I am finishing up the refurbishing of my Harig Super 612 Grinder. I bought a used horizontal radius & angle dresser on EBay but as a newbie I would like to find some instruction on its use. I have searched on the net but nothing so far. I have an imported type like the Phase II or Yausa style. Does anyone have a operating manual or instructions for using a horizontal radius and angle dresser??

Thanks
Skipd1


----------



## Metalmann (Jun 15, 2013)

YouTube has a few grinding vids that may be of some assistance:

http://www.youtube.com/watch?v=Z-XcOPJvJ9A

Setting those up, takes a lot of typing in most cases. 

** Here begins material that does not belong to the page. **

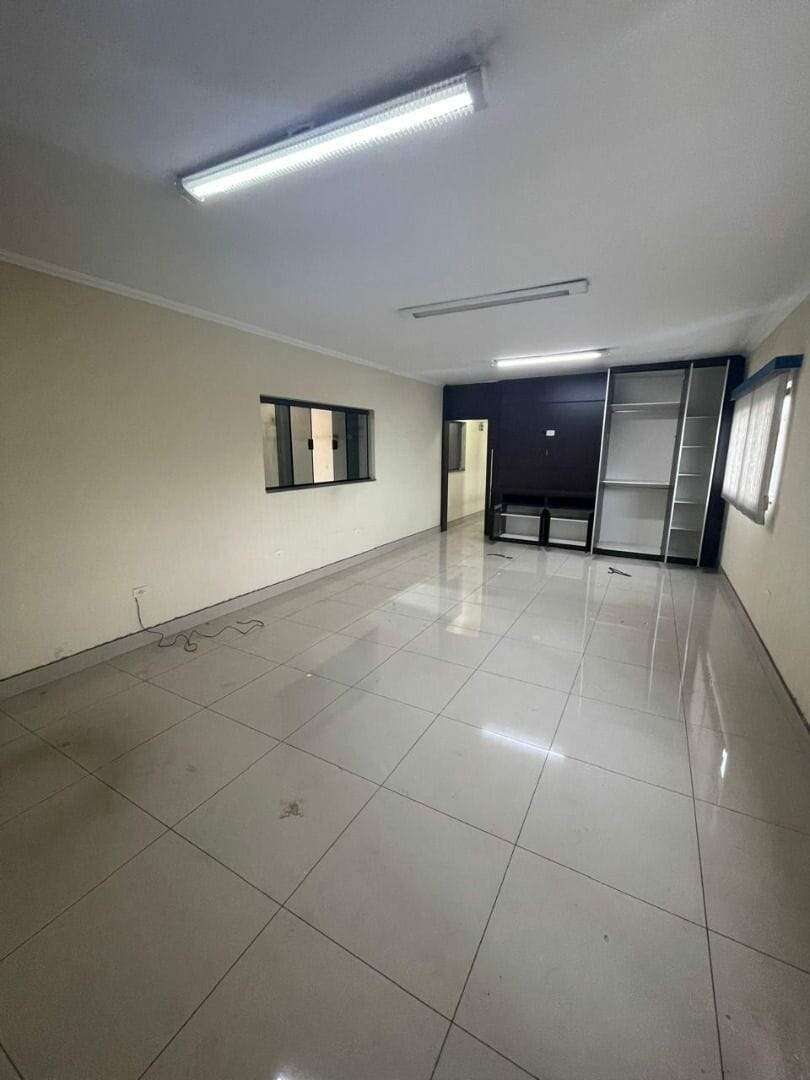 Loja para aluguel no Jardim Laudissi: salao-para-alugar-225-m-por-r-4-500-00-mes-jardim-laudissi-santa-barbara-d-oeste-sp1732654933107hxehf.jpg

I'm too damned old to type out the instructions.:lmao:


----------



## 4GSR (Jun 15, 2013)

I have a Harig Trudex radius and angle wheel dresser.  Bought it used off of eBay.  I haven't had a chance to experiment with it, but appears to be pretty much straight forward to use.  My first time to use it will definitely be trial and error.  It does have stops you set to control the amount of angle on a radius. 
I went to Harig's website and could not find any instructions.  Same issue going to Yussa's web site, too.
When you do figure it out, share you're experience with us!
Ken


----------



## Cheeseking (Dec 5, 2013)

Well rather than start a new thread I figured just resurect and pile onto and existing related thread.....
Not sure if this is a gloat or not but I won this at an auction this week.  
$300 plus juice






Apparently with an attachment ill be able to dress wheels with radii ect.   
What else im not sure yet.


----------



## easymike29 (Dec 6, 2013)

.
A photo or a brand name would help.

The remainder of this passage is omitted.